In June 2022, during the annual OECD Ministerial Council Meeting, the Roadmaps for the Accession to the OECD Convention for Brazil, Bulgaria, Croatia, Peru and Romania were adopted.

Objectives and issues

Taxation

The OECD sets the rules governing international taxation for multinationals through the OECD Transfer Pricing Guidelines for Multinational Enterprises and Tax Administrations, a Model Tax Convention and country-by-country reporting rules.

Payroll and income tax by country
Payroll and income tax by OECD country

The OECD publishes and updates a model tax convention that serves as a template for allocating taxation rights between countries. This model is accompanied by a set of commentaries that reflect OECD-level interpretation of the content of the model convention provisions. In general, this model allocates the primary right to tax to the country from which capital investment originates (i.e., the home, or resident country) rather than the country in which the investment is made (the host, or source country). As a result, it is most effective between two countries with reciprocal investment flows (such as among the OECD member countries), but can be unbalanced when one of the signatory countries is economically weaker than the other (such as between OECD and non-OECD pairings). Additionally, the OECD has published and updated the Transfer Pricing Guidelines since 1995. The Transfer Pricing Guidelines serve as a template for the profit allocation of inter-company transactions to countries. The latest version, of July 2017, incorporates the approved Actions developed under the Base Erosion and Profit Shifting (BEPS) project initiated by the G20.

Pillar 1
An OECD proposal to allocate multinational profits (for taxing purposes) to countries where they do business, by a formula, including to markets which multinationals sell into without a physical presence. This is hoped to eliminate the need for Digital Services Tax implemented by several countries, including France. There are exclusions and minimum thresholds, including banking and extractive industries. The proposal involves allocating only residual profit (i.e., profits above what is established through transfer pricing, thus creating a hybrid mechanism). This is essentially no change to what is currently allowed (routine profits allocated using transfer pricing + residual profits allocated through profit split).
Pillar 2
On 1 July 2021, finance officials from 130 countries agreed on plans for a new international taxation policy known as the global minimum corporate tax (of 15%). If a country taxes a multinational at a lower rate, the multinational's HQ will receive the difference.

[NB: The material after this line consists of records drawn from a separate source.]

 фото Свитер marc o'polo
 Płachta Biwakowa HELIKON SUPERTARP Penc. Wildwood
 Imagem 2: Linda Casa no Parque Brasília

It is not certain when the proposals will be implemented.

All the major economies agreed to pass national laws that would require corporations to pay at least 15% income tax in the countries they operate. This new policy would end the practice of locating world headquarters in small countries with very low taxation rates. Governments hope to recoup some of the lost revenue, estimated at $100 billion to $240 billion each year. The new system was promoted by the Biden Administration in the United States and the OECD. Secretary-General Mathias Cormann of the OECD said, "This historic package will ensure that large multinational companies pay their fair share of tax everywhere."

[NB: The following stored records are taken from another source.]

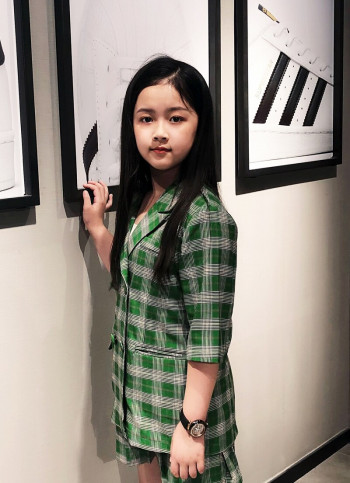 王子瑄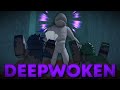 We Tried DEEPWOKEN For the FIRST time...
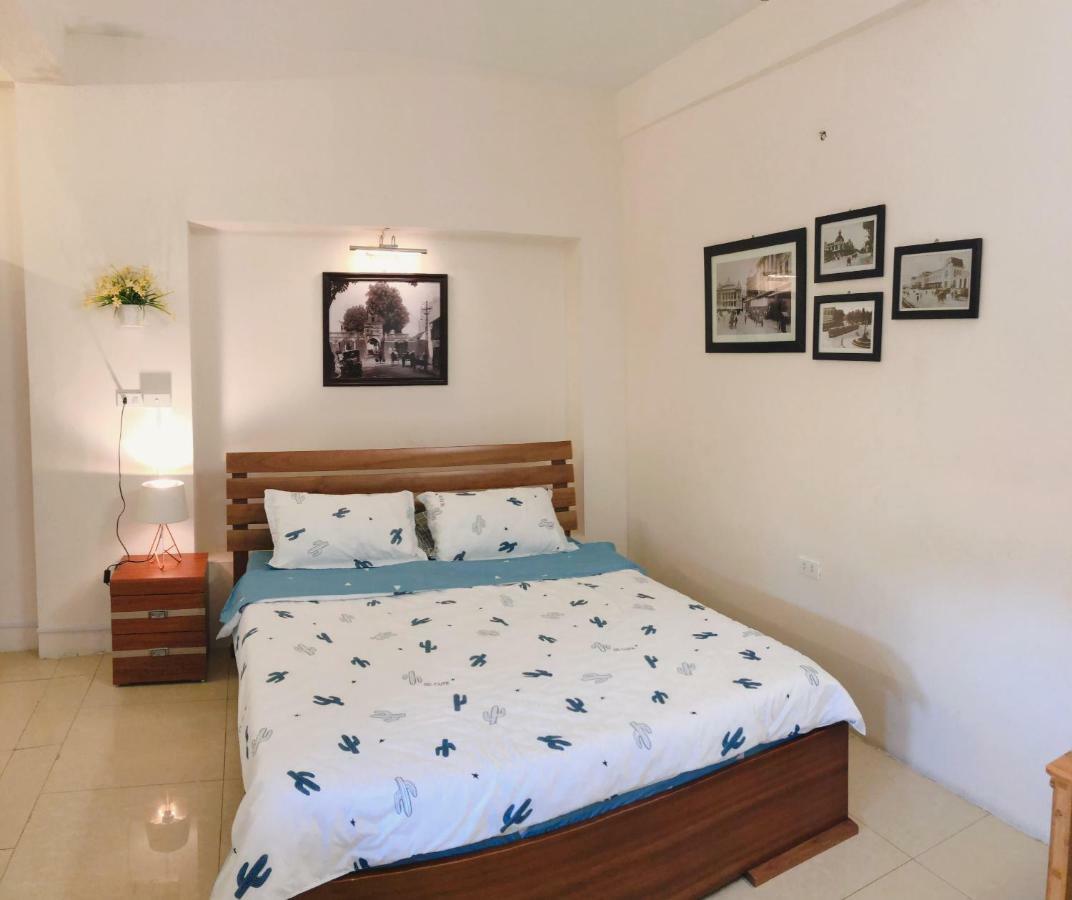 Parklane Central Hanoi Hotel Zewnętrze zdjęcie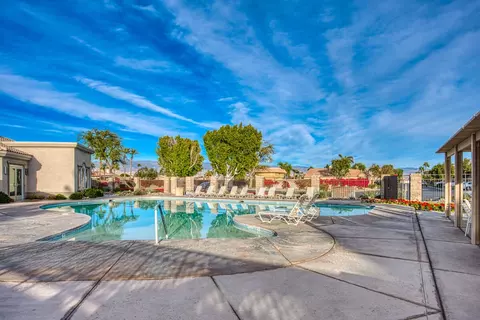 Exterior - 45673 Big Canyon St, Indio, CA 92201 photo 22 of 27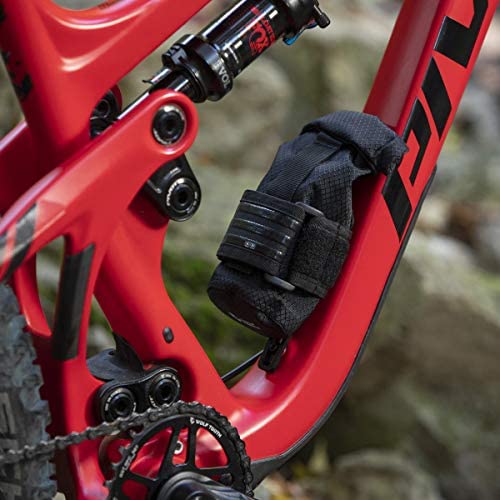 Wolf Tooth Components B-RAD Mini Roll-Top Bag (Bag and Strap)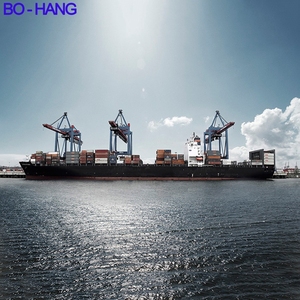 Agent maritime professionnel en Chine, transport spécial, transitaire économique, 20GP 40HQ vers la Tunisie, <span class=keywords><strong>Tunis</strong></span>, CIF, FOB, tous ports - Product Image 3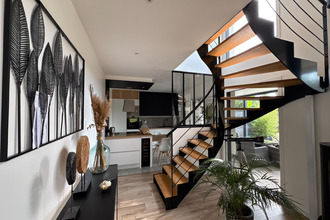 Ma-Cabane - Vente Maison BEDEE, 175 m²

Multinational corporations

The OECD Guidelines for Multinational Enterprises are a set of legally non-binding guidelines attached as an annex to the OECD Declaration on International Investment and Multinational Enterprises. They are recommendations providing principles and standards for responsible business conduct for multinational corporations operating in or from countries adhering to the Declaration.

Structure

The OECD's structure consists of three main elements:

  • The OECD member countries, each represented by a delegation led by an ambassador. Together, they form the OECD Council. Member countries act collectively through Council (and its Standing Committees) to provide direction and guidance to the work of Organisation.
  • The OECD Substantive Committees, one for each work area of the OECD, plus their various subsidiary bodies. Committee members are typically subject-matter experts from member and non-member governments. The Committees oversee all the work on each theme (publications, task forces, conferences, and so on). Committee members then relay the conclusions to their capitals.
  • The OECD Secretariat, led by the Secretary-General (currently Mathias Cormann), provides support to Standing and Substantive Committees. It is organised into Directorates, which include about 2,500 staff.

Meetings

Entrance to the OECD Conference Centre April 2014
The main entrance to the OECD Conference Centre in Paris

Delegates from the member countries attend committee and other meetings. Former Deputy Secretary-General Pierre Vinde [sv] estimated in 1997 that the cost borne by the member countries, such as sending their officials to OECD meetings and maintaining permanent delegations, is equivalent to the cost of running the secretariat. This ratio is unique among inter-governmental organisations. In other words, the OECD is more a persistent forum or network of officials and experts than an administration.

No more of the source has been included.